The arity of an iterm may range from 0 to whatever is the effective limit of your hardware. Accordingly, the valid range of indices of an iterm, is an enumeration of the arguments of the iterm, which informs the choice of iterm starting indices: the first index of an iterm is either 1, for an iterm with at least one argument, or 0, for an iterm with 0 arguments.
In other words, for an iterm of arity a, with starting index i:
/ 1 if a > 0 i = < \ 0 if a = 0
Additionally, predicates in this module allow negative indices to be used to access iterm arguments in descending order. For example, an iterm of arity 3 may be accessed with any of the indices in {-3,-2,-1,1,2,3}, where -3 and 1 would both access the first argument of the iterm. Refer to the documentation of iterm_index/3 for a more detailed discussion of positive and negative iterm indices.
The choice of variable starting indices, may appear a little peculiar - in most languages the indices of random-access data structures either start at 0, or 1 (though a few, like Ada and Fortran allow the user to specify their own range, which this module doesn't). When in doubt, iterm_index/3 may be used to clarify any misunderstandings about the valid range of iterms' indices.
Predicates in this module fall into two broad types: on the one hand, predicates for creating, indexing and accessing iterms, and on the other, predicates for selecting ranges of arguments of iterms between two indices.
Predicates iterm/3, typed_iterm/4, blank_iterm/3, init_iterm/4, sequence/5 and sequence/6 may be used to create iterms from a functor name and list of arguments, or a number denoting its arity.
iterm/3 creates an iterm from a functor name and a list of arguments, without any restrictions except those that apply to compound_name_arguments/3, which this predicate is basically just a thin wrapper around.

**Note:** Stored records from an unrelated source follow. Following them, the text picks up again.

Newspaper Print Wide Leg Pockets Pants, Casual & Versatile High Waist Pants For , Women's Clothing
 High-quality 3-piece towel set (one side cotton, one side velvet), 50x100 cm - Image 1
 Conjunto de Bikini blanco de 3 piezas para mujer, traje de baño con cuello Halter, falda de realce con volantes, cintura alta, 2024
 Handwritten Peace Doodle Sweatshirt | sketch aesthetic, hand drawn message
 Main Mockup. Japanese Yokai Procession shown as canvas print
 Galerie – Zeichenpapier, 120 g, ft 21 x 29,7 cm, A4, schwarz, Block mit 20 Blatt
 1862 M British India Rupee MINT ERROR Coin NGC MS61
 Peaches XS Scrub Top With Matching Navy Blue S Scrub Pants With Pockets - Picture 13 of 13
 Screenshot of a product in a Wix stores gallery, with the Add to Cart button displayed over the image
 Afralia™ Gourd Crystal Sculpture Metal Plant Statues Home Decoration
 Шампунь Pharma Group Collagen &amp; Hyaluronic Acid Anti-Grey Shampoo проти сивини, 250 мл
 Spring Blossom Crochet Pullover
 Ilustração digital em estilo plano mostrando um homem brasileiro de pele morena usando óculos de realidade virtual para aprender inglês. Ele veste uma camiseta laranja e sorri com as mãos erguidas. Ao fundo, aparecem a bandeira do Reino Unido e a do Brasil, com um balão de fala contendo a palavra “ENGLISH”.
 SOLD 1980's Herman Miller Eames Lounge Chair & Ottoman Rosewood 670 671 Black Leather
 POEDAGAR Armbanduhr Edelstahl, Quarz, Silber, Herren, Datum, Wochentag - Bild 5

?- iterm(v, [a,b,c,d], T). T = v(a, b, c, d).
typed_iterm/4 creates iterms from a list of arguments that must belong to one of a set of argument types, defined in iterm_types/1. Attempting to create a typed iterm with arguments of the wrong type raises a type_error. Note however that any type-checking required after the typed iterm is created is up to the user.
?- typed_iterm(v, atom, [a,b,c,d], T). T = v(a, b, c, d). ?- typed_iterm(v, number, [a,b,c,d], T). ERROR: Type error: `number' expected, found `a' (an atom)
blank_iterm/3 creates iterms of a given arity with all their arguments as unbound variables. init_iterm/4 does the same, but binds all arguments to a given value. You can use these two when you know the size of your data but not yet its final values.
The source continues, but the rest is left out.